[[ Materials provided, beginning ]]

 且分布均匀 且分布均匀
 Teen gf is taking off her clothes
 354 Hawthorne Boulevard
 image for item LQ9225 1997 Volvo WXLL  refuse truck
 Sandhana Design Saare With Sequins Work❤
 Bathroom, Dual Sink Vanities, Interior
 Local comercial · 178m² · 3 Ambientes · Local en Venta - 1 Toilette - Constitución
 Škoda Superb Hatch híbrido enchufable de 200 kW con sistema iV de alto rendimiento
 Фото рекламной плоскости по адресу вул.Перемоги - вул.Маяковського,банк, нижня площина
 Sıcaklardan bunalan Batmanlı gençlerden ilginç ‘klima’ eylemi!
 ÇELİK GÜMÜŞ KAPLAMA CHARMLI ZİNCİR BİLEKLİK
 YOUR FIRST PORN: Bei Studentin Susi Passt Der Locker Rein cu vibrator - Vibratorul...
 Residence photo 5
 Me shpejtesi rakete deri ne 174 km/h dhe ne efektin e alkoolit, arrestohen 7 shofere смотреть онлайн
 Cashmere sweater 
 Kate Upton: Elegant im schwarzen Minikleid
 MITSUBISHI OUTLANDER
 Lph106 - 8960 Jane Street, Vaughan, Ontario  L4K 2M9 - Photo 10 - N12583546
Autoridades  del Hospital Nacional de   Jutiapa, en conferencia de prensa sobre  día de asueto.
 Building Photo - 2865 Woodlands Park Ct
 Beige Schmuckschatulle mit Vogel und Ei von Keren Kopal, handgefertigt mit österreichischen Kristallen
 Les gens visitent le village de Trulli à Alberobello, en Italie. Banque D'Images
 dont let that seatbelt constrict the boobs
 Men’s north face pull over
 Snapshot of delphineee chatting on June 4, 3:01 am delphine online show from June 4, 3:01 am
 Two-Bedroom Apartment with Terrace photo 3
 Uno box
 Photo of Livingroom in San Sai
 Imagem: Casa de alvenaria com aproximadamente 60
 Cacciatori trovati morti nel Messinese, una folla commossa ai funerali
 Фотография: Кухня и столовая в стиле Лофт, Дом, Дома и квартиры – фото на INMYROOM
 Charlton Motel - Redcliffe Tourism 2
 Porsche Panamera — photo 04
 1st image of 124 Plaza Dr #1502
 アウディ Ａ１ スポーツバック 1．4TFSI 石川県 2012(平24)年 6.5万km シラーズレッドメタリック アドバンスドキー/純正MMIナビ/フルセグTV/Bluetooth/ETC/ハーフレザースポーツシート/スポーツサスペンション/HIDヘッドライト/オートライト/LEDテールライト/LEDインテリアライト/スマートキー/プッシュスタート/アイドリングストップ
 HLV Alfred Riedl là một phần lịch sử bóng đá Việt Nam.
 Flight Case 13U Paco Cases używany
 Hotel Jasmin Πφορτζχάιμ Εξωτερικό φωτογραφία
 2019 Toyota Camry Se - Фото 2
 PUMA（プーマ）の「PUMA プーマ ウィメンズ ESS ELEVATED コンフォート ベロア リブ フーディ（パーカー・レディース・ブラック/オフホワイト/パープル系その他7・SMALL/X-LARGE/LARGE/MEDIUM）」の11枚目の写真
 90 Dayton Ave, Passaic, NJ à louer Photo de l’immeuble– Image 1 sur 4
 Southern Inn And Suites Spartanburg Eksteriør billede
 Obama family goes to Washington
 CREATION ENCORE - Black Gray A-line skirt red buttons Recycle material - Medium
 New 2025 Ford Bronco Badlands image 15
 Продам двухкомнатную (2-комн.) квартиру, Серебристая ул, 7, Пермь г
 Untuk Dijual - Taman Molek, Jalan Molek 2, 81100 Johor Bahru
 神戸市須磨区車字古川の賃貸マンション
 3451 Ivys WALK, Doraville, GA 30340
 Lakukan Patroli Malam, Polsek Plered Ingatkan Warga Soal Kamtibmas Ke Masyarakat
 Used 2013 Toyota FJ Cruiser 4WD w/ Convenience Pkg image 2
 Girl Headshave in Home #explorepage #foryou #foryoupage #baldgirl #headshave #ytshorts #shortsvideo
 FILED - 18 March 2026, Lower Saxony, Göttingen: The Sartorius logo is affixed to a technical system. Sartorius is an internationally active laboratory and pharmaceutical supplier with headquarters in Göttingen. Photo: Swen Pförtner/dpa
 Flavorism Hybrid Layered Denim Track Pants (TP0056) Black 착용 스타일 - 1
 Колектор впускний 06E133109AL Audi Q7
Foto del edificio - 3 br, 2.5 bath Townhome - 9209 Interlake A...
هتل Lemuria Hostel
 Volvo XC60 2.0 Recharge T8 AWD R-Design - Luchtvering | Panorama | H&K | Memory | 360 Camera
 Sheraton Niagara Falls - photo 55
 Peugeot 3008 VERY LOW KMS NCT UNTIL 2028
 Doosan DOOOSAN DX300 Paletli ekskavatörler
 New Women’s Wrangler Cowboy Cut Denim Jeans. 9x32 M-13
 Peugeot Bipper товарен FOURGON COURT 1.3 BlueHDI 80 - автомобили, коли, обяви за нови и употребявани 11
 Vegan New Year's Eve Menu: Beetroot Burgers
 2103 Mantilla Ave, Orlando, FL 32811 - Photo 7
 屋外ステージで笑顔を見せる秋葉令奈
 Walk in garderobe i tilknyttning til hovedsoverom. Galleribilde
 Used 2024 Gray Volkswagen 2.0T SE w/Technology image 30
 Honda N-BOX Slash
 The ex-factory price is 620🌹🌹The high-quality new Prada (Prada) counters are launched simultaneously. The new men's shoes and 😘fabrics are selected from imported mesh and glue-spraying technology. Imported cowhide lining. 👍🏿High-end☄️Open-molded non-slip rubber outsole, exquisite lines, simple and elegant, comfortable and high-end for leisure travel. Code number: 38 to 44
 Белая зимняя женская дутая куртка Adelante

[[ Materials provided, end ]]

* Activity
All that belongs in the answer is the lines from the start of the entries above through the line containing "Bathroom, Dual Sink Vanities, Interior", each given exactly.

* Solution for this exercise
 且分布均匀 且分布均匀
 Teen gf is taking off her clothes
 354 Hawthorne Boulevard
 image for item LQ9225 1997 Volvo WXLL  refuse truck
 Sandhana Design Saare With Sequins Work❤
 Bathroom, Dual Sink Vanities, Interior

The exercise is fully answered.